Ayurveda believes in the five elements, much like common Western science does. Ayurveda believes that these elements are expressed within everything. They are expressed within our food and within our bodies.
- First, there is ether. It is the space in between all matter. This element is connected to the upper Vishudda or throat chakra.
- Next, there is air. It is the invisible element that is found between the ether in our atmosphere, connecting everything. This element is connected to the heart chakra or Anahata chakra.
- The next element to be discussed is the element of fire. It is the element in Ayurveda that represents transformation. It is a strong force; the fire element related to the solar plexus or Manipura chakra. It refers to a person’s confidence and power. The fire element relates well to these functions.

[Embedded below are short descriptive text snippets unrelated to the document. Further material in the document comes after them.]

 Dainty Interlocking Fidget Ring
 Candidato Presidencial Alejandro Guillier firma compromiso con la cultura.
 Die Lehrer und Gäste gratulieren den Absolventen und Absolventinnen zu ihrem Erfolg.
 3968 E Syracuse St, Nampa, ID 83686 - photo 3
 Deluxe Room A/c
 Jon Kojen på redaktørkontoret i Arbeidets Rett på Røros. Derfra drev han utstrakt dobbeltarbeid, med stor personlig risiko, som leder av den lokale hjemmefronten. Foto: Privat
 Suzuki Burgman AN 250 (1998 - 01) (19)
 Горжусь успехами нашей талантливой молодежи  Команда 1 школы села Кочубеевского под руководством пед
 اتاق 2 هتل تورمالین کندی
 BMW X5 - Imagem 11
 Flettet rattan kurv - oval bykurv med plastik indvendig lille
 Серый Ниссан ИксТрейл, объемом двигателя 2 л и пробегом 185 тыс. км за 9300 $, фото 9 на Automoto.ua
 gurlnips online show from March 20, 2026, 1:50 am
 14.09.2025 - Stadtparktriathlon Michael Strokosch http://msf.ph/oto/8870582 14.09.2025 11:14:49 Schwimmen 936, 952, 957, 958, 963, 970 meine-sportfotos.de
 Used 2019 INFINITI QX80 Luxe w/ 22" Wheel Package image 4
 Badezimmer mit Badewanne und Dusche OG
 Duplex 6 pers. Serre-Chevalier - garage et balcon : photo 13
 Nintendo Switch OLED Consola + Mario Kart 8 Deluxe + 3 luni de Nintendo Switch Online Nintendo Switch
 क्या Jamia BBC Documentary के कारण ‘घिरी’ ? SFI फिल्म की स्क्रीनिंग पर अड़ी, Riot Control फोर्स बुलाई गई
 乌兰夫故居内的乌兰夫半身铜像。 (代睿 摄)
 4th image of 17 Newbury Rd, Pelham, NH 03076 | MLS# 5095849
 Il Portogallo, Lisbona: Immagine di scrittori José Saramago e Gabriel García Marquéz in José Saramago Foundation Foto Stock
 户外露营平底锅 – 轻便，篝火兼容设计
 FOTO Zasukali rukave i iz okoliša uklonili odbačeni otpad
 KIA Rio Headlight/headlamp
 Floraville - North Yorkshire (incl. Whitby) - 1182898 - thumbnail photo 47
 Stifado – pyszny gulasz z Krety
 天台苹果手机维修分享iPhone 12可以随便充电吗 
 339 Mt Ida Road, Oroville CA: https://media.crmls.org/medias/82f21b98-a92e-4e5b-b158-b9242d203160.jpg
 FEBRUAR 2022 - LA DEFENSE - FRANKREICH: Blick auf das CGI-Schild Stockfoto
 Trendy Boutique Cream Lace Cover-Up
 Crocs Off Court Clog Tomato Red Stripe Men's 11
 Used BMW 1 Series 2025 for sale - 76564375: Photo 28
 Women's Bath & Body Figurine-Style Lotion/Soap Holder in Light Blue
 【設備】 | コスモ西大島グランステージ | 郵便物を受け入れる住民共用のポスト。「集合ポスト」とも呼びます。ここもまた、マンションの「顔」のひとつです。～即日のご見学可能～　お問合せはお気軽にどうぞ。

- The next element is water. It represents fluidity and emotion. It’s connected to the Swadhisthana chakra or sacral chakra. It is the chakra that is most related to feelings and emotion.
- The last element is the earth. It is represented in the body in the Muladhara chakra or root chakra. It is where we root down into the earth. It represents safety, grounding, and fulfillment of basic needs.
Ayurveda helps us understand how using asana can allow us to connect to the five elements within our body. Some examples include prayer pose. In this position, you bring hands to meet at the heart center (Anahata chakra), and you connect with the element of air. The forward bend is a great pose to stimulate the solar plexus or Manipura chakra. You connect with the element of fire as you strengthen the core and use the strong core to guide your movement. Another example is the tree pose. You inhale earth energy up through the feet and connect with the earth, grounding and stimulating the root chakra.
Ayurveda also helps us understand how these elements affect us in our food. For example, spicy foods allow us to feel the heat of the fire element. Wet foods, like soaked oatmeal or some fruits that contain a lot of water, represent water in our foods.
Ayurveda believes in doshas.
- Ether and air make the Vata dosha.
- Air and fire make the Pitta dosha.
- Earth and water come together to make the Kapha dosha.
Understanding the elements through Ayurveda allows people to work towards a harmonious and balanced state. If certain elements or doshas are out of balance, the body and mind are affected. Ayurveda also believes that every person comes to their body with their own predominant doshas and unique formula for finding balance through the five elements.
According to Ayurveda, the five elements are represented in every aspect of life – the seasons, the time periods – you name it!